Exercise material Block Start
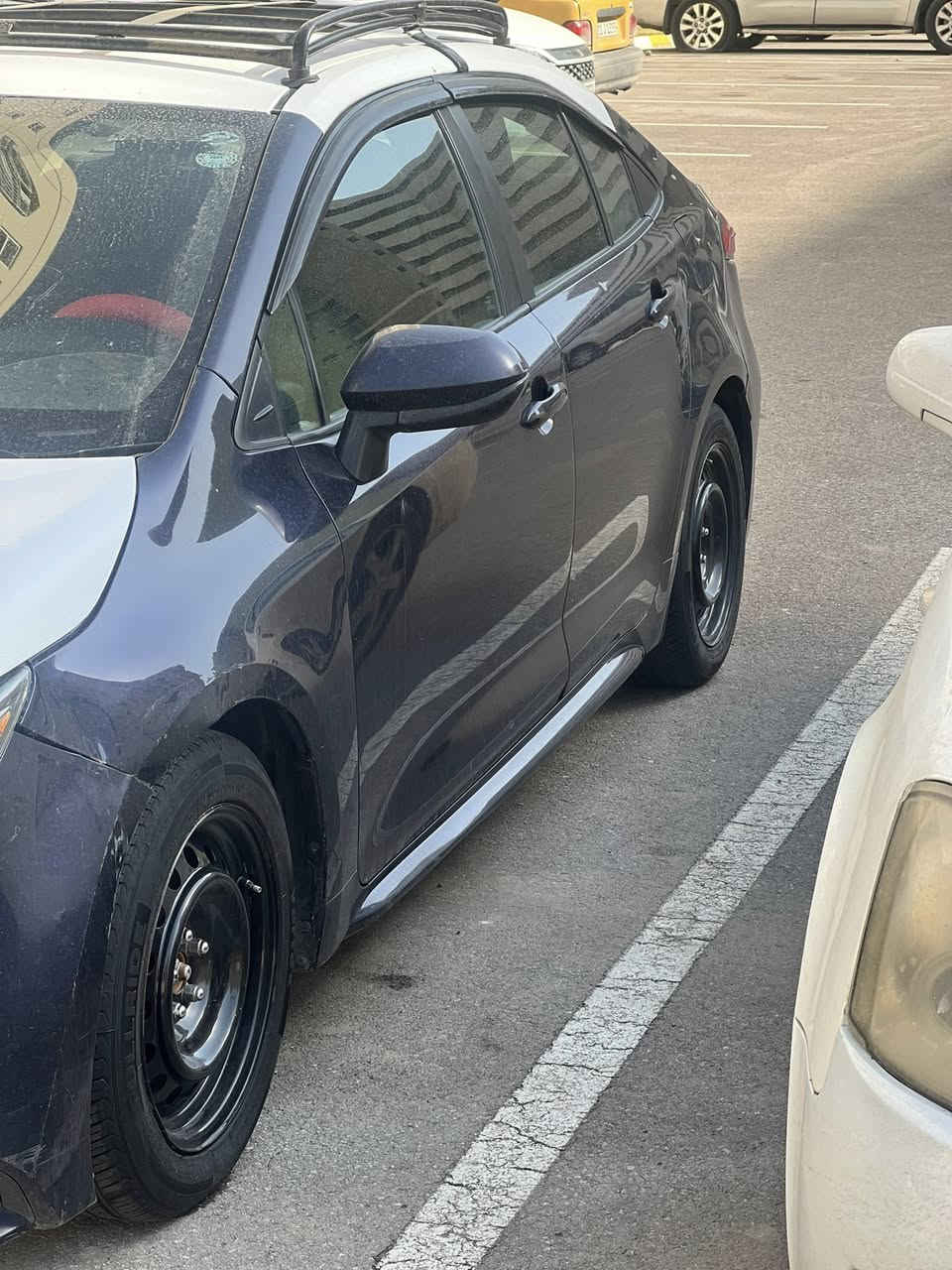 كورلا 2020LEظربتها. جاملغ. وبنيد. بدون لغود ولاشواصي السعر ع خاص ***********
Exercise material Block End
Exercise material Block Start
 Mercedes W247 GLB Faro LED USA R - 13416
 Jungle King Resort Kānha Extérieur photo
Exercise material Block End
Exercise material Block Start
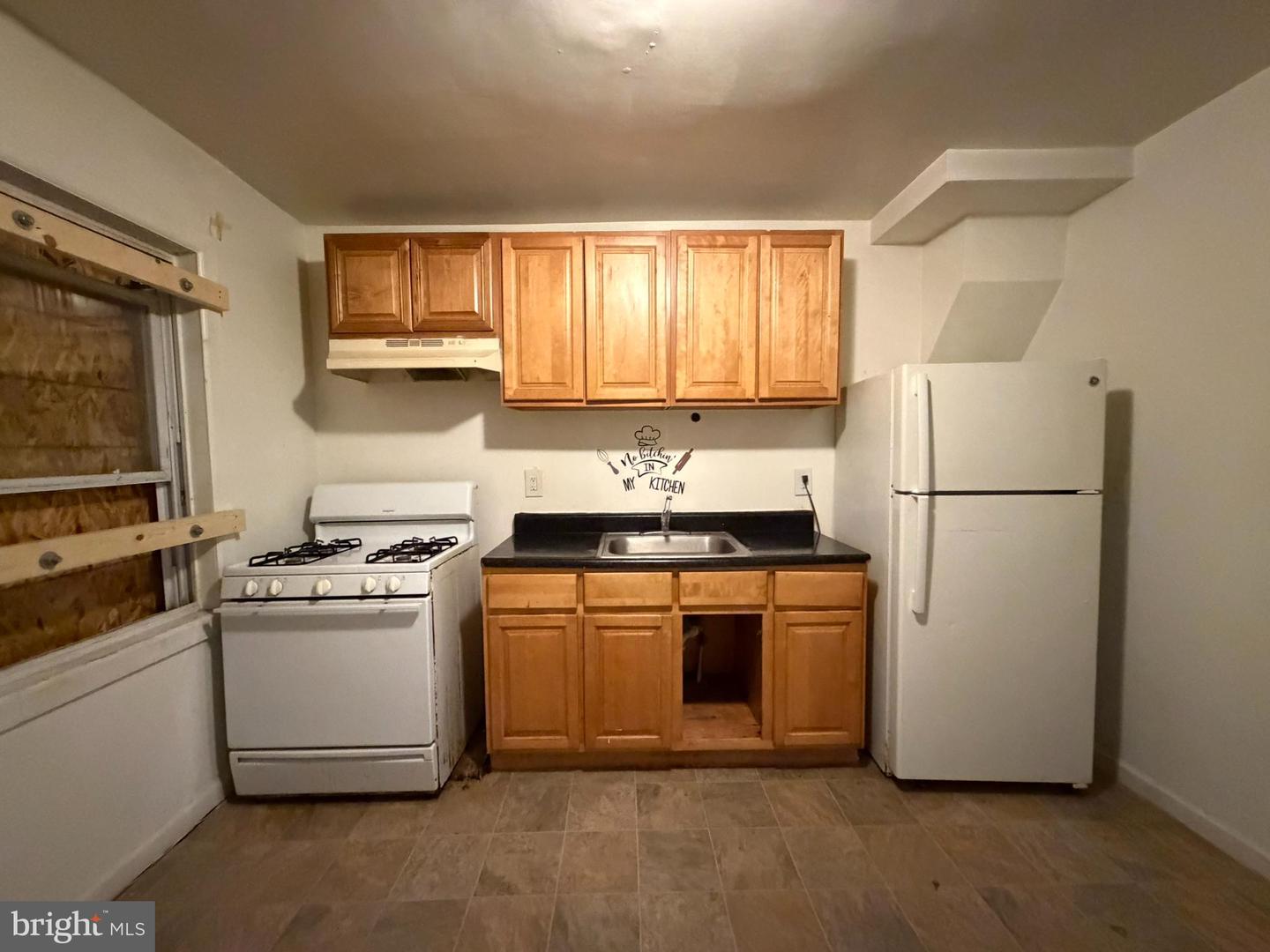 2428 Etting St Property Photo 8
Exercise material Block End
**Exercise goal**.
Once you find the line with "Mercedes W247 GLB Faro LED USA R - 13416" above, print it and every line after it up to and including the line with "Jungle King Resort Kānha Extérieur photo", exactly as written and nothing else.

**Your response**.
 Mercedes W247 GLB Faro LED USA R - 13416
 Jungle King Resort Kānha Extérieur photo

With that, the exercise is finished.